SRBI Disorot! Bos Himbara Ungkap Likuiditas Rp80 T, Kredit Tetap Kencang 2026

SRBI Disorot! Bos Himbara Ungkap Likuiditas Rp80 T, Kredit Tetap Kencang 2026
Foto: SRBI Disorot! Bos Himbara Ungkap Likuiditas Rp80 T, Kredit Tetap Kencang 2026. (Illustration by Pexels)

Himpunan Bank Milik Negara (Himbara) memberikan klarifikasi terkait penempatan dana perbankan pelat merah pada instrumen Sekuritas Rupiah Bank Indonesia (SRBI). Ketua Himbara, Putrama Wahju Setyawan, menegaskan bahwa porsi dana bank BUMN di instrumen tersebut tergolong sangat kecil.

Putrama menjelaskan bahwa prioritas utama bank-bank negara tetap pada fungsi intermediasi atau penyaluran kredit kepada masyarakat.
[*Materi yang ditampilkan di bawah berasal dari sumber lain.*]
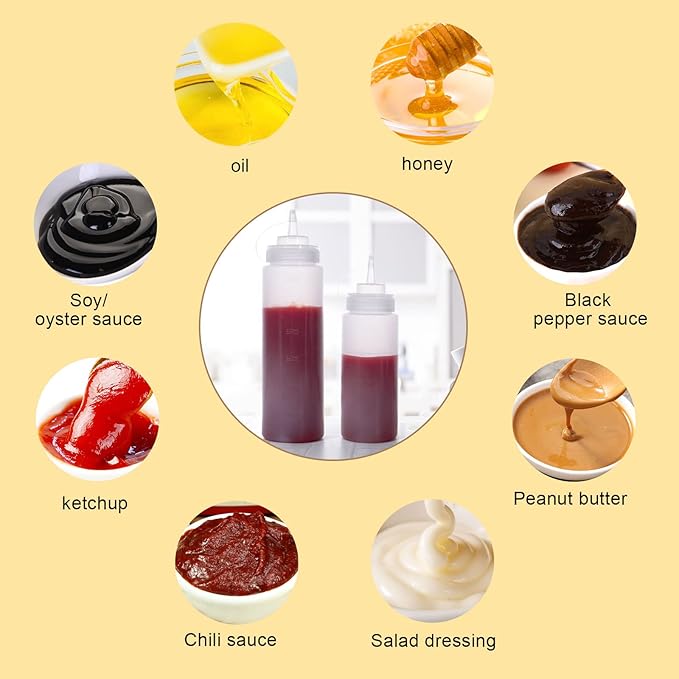 Condiment Squeeze Bottles Ketchup Dispenser 2PCS 24 oz Plastic Sauce Squirt Bottle with Cap Lids, Pancake Squirt Bottles for Sauces Liquids Mustard BBQ Dressing Pancake Art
Hal ini terlihat dari rasio pinjaman terhadap simpanan atau loan to deposit ratio (LDR) yang menyentuh angka 90 persen per Maret 2026.

Berikut adalah rincian pertumbuhan kredit bank anggota Himbara dibandingkan rata-rata industri nasional:

  • BNI (BBNI): Mencatatkan pertumbuhan kredit paling progresif sebesar 24 persen secara tahunan.
  • Bank Mandiri (BMRI): Mengikuti di posisi kedua dengan kenaikan penyaluran kredit mencapai 17 persen.
  • BRI (BBRI): Berhasil menjaga tren positif dengan pertumbuhan kredit di angka 12 persen.
  • BTN (BBTN): Tumbuh stabil pada kisaran 12 persen sejalan dengan fokus pada sektor pembiayaan hunian.
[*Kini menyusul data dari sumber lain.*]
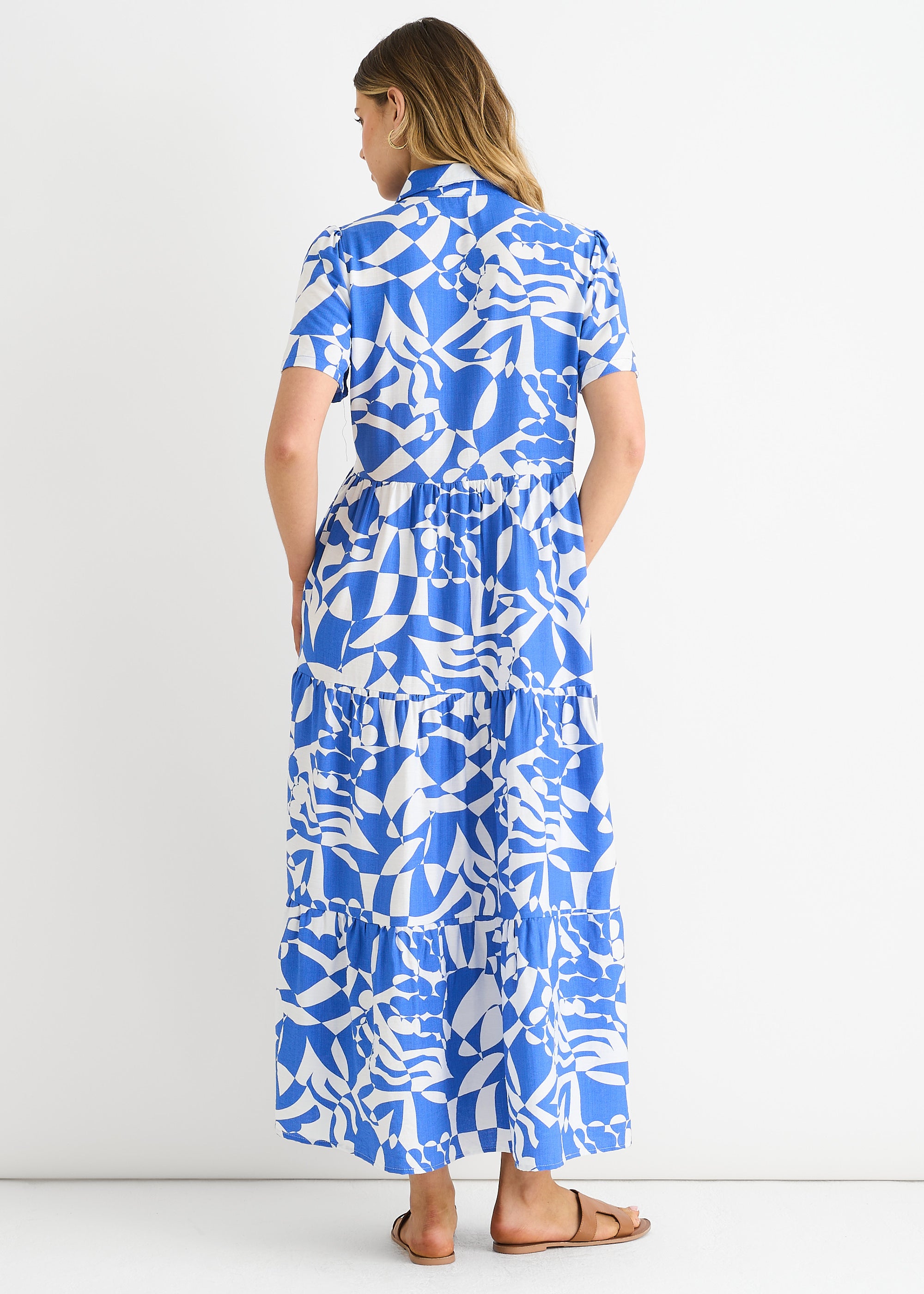Blue Aztec Print Oversized Smock Midi Dress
Data tersebut menunjukkan bahwa bank-bank besar milik pemerintah mampu mencatatkan pertumbuhan dua digit. Capaian ini melampaui rata-rata pertumbuhan kredit industri perbankan nasional yang berada di angka 9 persen pada periode yang sama.

Porsi Dana Himbara di SRBI

Dalam pertemuan dengan Komisi XI DPR RI, Putrama membeberkan perbandingan data antara total pasar SRBI dengan dana yang dimiliki Himbara. Ia menyebutkan bahwa total outstanding SRBI pada Maret 2026 mencapai Rp922 triliun.
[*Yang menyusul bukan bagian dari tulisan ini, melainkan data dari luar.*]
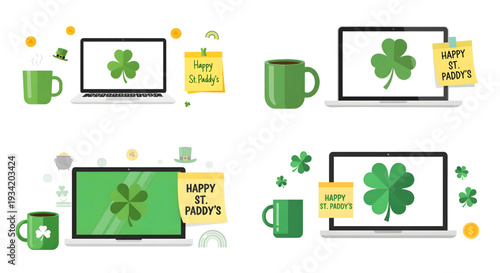 Patrick's Day Office Desks with Laptops, Mugs, and Clover Notes Vector Set, A vector illustration set featuring four different St. Patrick's Day themed office desk scenes, each with a laptop display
Dari total tersebut, nilai penempatan dana seluruh bank anggota Himbara hanya sekitar Rp80 triliun. Angka ini dinilai tidak signifikan jika dibandingkan dengan total instrumen yang beredar di pasar uang.

Tabel berikut merangkum data penempatan dana dan perbandingan pasar SRBI:

Kategori Data Nilai (Maret 2026)
Total Outstanding SRBI Nasional Rp922 Triliun
Penempatan Dana Himbara Rp80 Triliun
LDR Rata-rata Himbara 90%

Data di atas mempertegas bahwa perbankan negara lebih banyak memutar dananya ke sektor riil melalui kredit daripada menyimpannya di instrumen Bank Indonesia. Strategi ini diambil untuk tetap mendukung roda perekonomian nasional agar tetap bergerak kencang.

Tantangan Kompetisi dengan Surat Berharga

Di sisi lain, Perhimpunan Bank Nasional (Perbanas) menyoroti adanya persaingan yang ketat antara penyaluran kredit dengan instrumen negara. Wakil Ketua Perbanas, Nixon L.P. Napitupulu, menyebut SRBI dan Surat Berharga Negara (SBN) sebagai kompetitor utama perbankan.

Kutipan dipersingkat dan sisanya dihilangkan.